▶ **SUPPLIED INFORMATION**

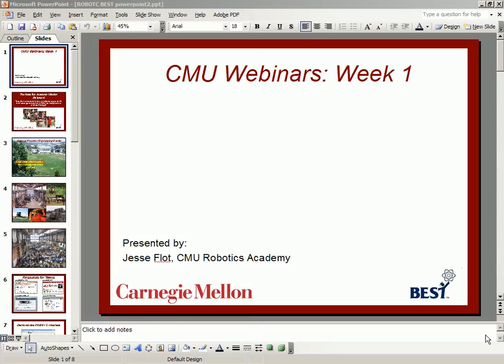Hi everyone, and welcome to week one of the CMU Webinars for Best. My name is Jesse Flott, and I'll be talking about some of the different resources that are available to you, and also some of the different RobotC features that will help you out along the way.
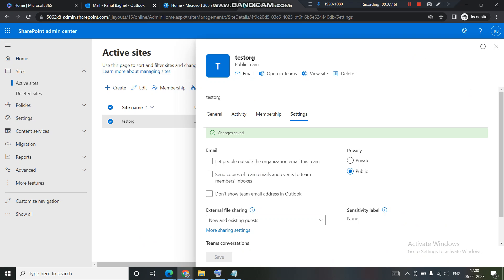In the next video we will show you what happens when you created a public group but you do not want that users should be able to access it or be able to see it without your permission. There is one setting which we can do and in the next video I will show you that setting, how you can hide the public group from other users so that they won't be able to search it in the Outlook or anywhere in the teams. Till then keep learning and bye everyone, bye.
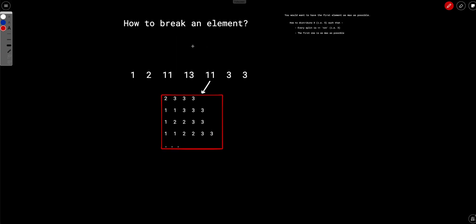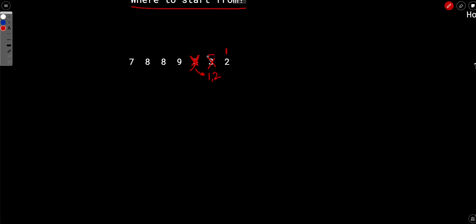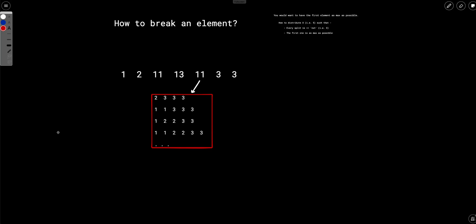The remaining question is how to break an element optimally. For example, if we encounter 11 and the next element is 3, there are multiple ways to break 11 — each requiring a different number of operations. For instance, breaking 11 into [8, 3], then [5, 3, 3], then [2, 3, 3, 3] requires 3 operations. The number of operations equals the number of splits minus one, so different breakdowns lead to different operation counts. We can't try every combination, as that would hit the time limit.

▶ **WORK TO COMPLETE**
Restate the listing above word for word and skip each picture.

▶ **WRITTEN REPLY**
Hi everyone, and welcome to week one of the CMU Webinars for Best. My name is Jesse Flott, and I'll be talking about some of the different resources that are available to you, and also some of the different RobotC features that will help you out along the way.
In the next video we will show you what happens when you created a public group but you do not want that users should be able to access it or be able to see it without your permission. There is one setting which we can do and in the next video I will show you that setting, how you can hide the public group from other users so that they won't be able to search it in the Outlook or anywhere in the teams. Till then keep learning and bye everyone, bye.
The remaining question is how to break an element optimally. For example, if we encounter 11 and the next element is 3, there are multiple ways to break 11 — each requiring a different number of operations. For instance, breaking 11 into [8, 3], then [5, 3, 3], then [2, 3, 3, 3] requires 3 operations. The number of operations equals the number of splits minus one, so different breakdowns lead to different operation counts. We can't try every combination, as that would hit the time limit.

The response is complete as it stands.